EXERCISE DETAILS>
Would you copy out only the lines from the one with "this 1155×866 image." to the end of the records, exactly as they stand?

----------------

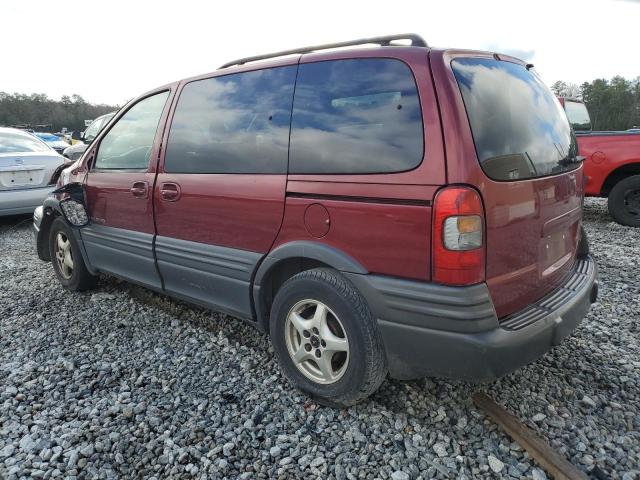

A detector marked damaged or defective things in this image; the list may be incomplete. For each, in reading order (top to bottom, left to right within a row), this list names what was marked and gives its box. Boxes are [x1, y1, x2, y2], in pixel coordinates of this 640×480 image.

rusty metal rail on ground [470, 392, 592, 478]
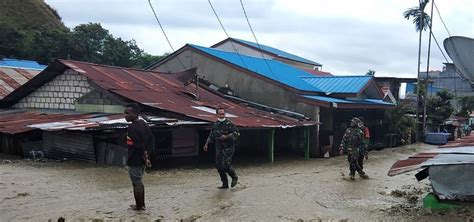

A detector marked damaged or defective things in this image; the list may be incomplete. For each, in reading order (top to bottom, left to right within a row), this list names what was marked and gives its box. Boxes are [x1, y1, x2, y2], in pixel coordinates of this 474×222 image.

rusty corrugated metal roof [0, 67, 41, 99]
rusty corrugated metal roof [57, 59, 316, 127]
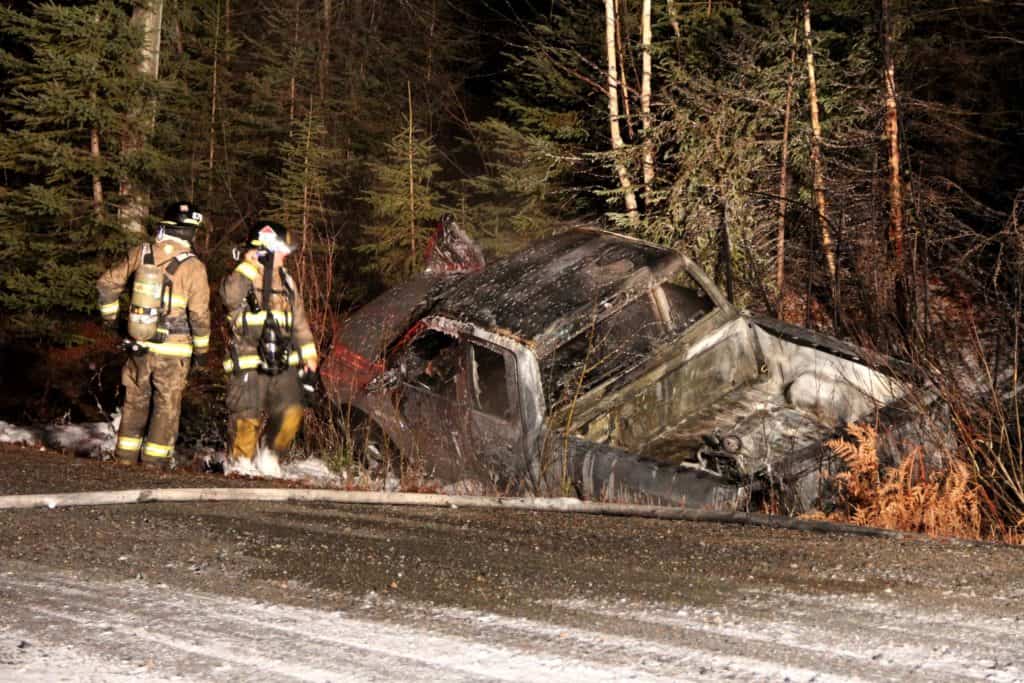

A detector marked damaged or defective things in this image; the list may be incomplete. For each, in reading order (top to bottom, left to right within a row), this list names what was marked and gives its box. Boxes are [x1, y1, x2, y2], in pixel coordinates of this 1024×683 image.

burned vehicle [324, 227, 908, 510]
fire damage [322, 220, 912, 512]
crashed truck [322, 227, 912, 510]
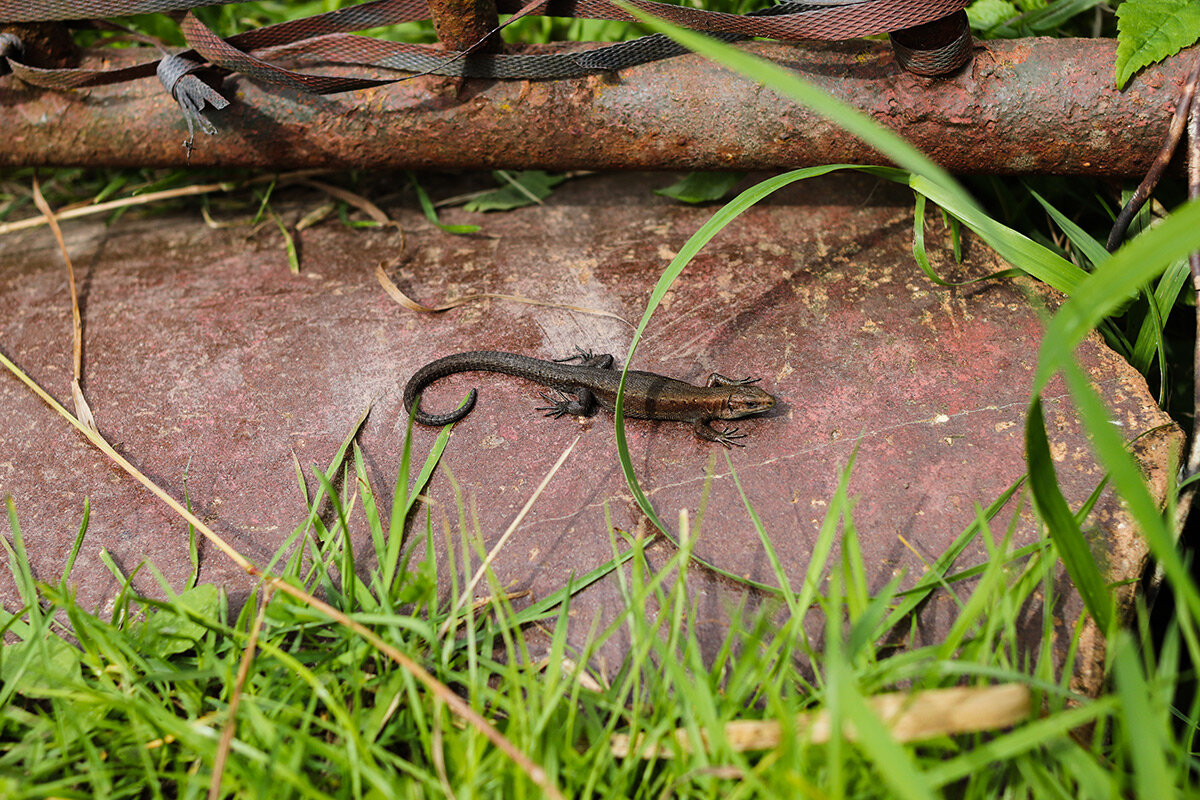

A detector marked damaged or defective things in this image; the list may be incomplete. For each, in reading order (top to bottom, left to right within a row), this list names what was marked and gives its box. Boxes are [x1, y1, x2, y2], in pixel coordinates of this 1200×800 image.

rusted metal surface [429, 0, 499, 52]
rusty metal pipe [0, 37, 1195, 175]
rusted metal surface [0, 38, 1195, 175]
rusted metal surface [0, 173, 1180, 695]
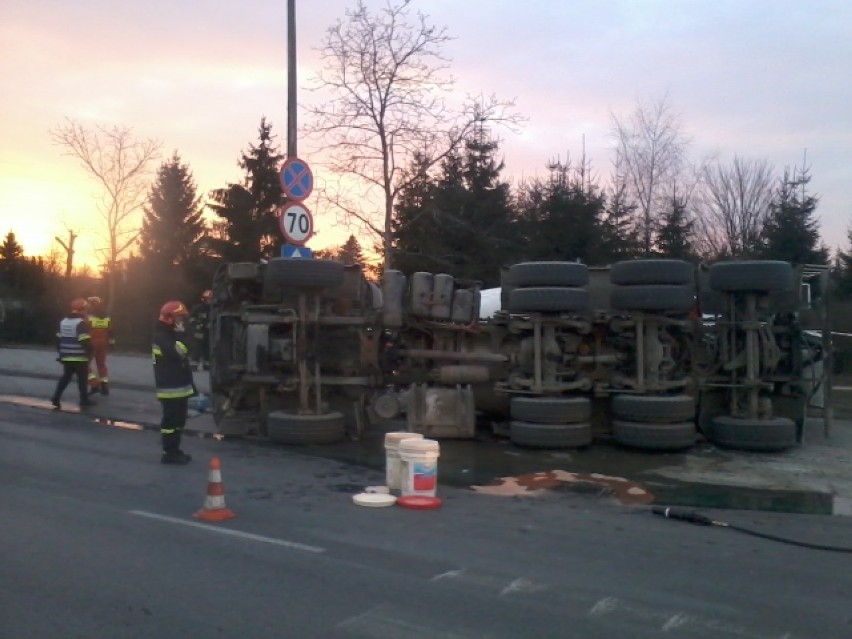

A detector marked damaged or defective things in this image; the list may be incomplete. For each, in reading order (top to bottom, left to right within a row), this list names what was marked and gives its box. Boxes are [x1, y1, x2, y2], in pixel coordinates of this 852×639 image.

overturned truck [206, 256, 832, 456]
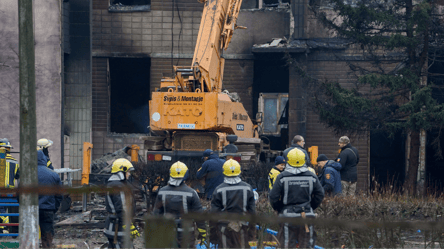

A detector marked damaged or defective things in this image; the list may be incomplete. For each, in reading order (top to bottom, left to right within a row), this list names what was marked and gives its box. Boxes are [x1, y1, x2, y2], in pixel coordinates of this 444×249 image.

broken window [109, 57, 151, 134]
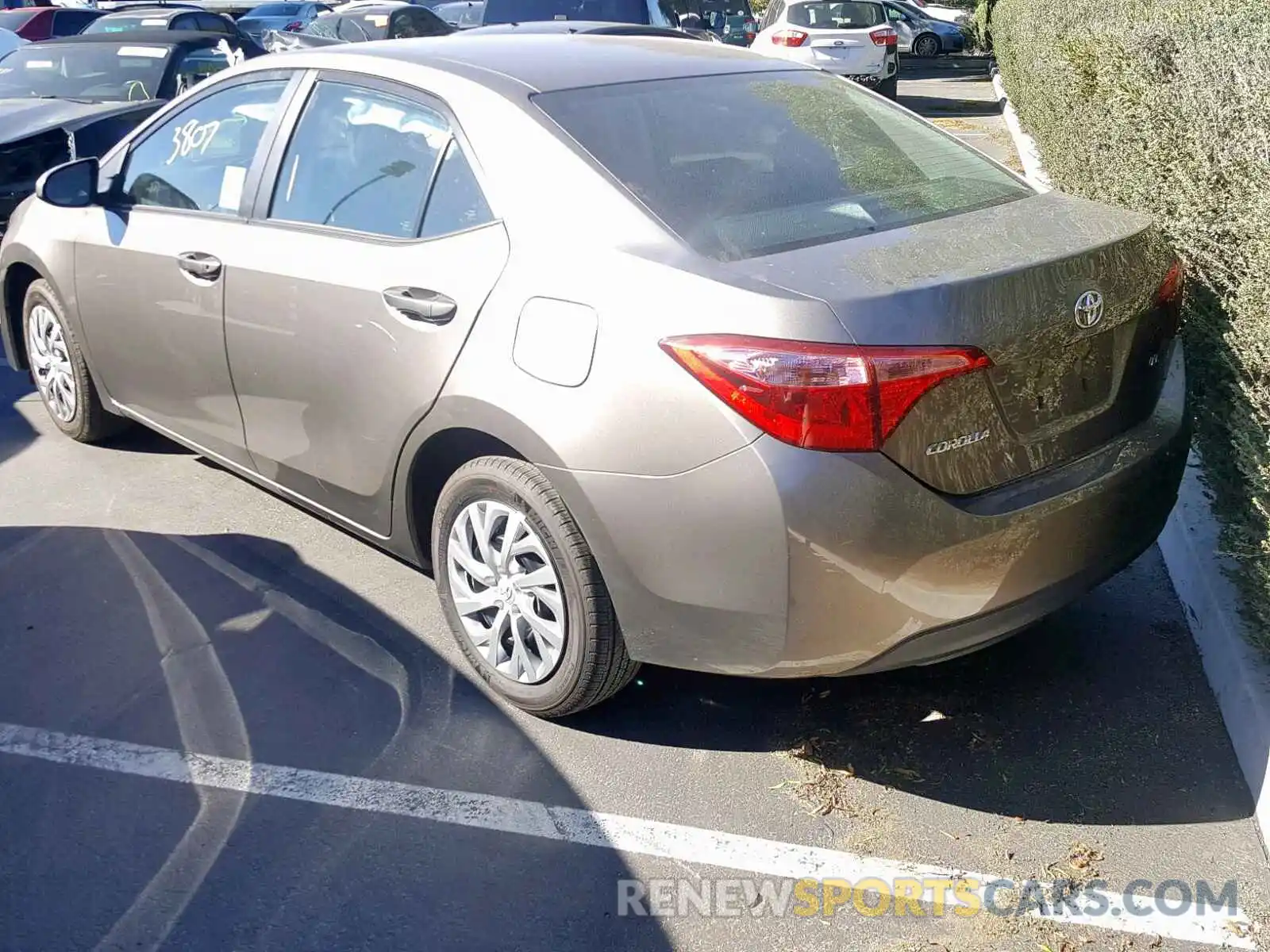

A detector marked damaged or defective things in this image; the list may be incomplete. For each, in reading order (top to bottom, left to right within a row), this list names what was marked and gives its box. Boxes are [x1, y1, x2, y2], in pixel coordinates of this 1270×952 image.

crumpled car hood [0, 98, 156, 146]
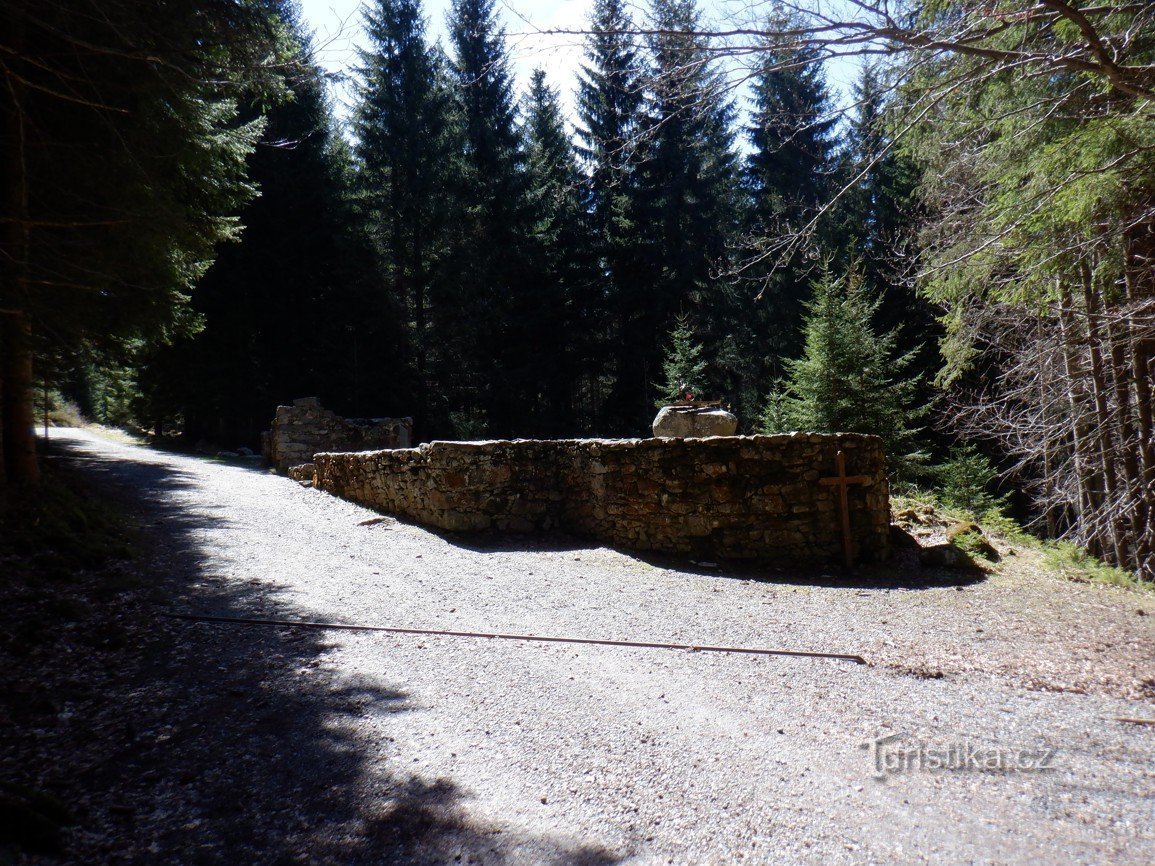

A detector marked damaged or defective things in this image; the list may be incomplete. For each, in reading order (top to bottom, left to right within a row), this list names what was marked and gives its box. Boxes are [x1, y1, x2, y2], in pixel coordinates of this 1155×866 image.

rusty metal bar [168, 614, 868, 669]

----------------

RESPONSE TO THE EXERCISE>
A detector marked damaged or defective things in this image; the list may be incomplete. For each, in reading order (top to bottom, left to right within a row), this list names what was marked and gives its box. Boxes are [x1, y1, x2, y2], in pixel coordinates of this 1155×866 image.

rusty metal bar [168, 614, 868, 669]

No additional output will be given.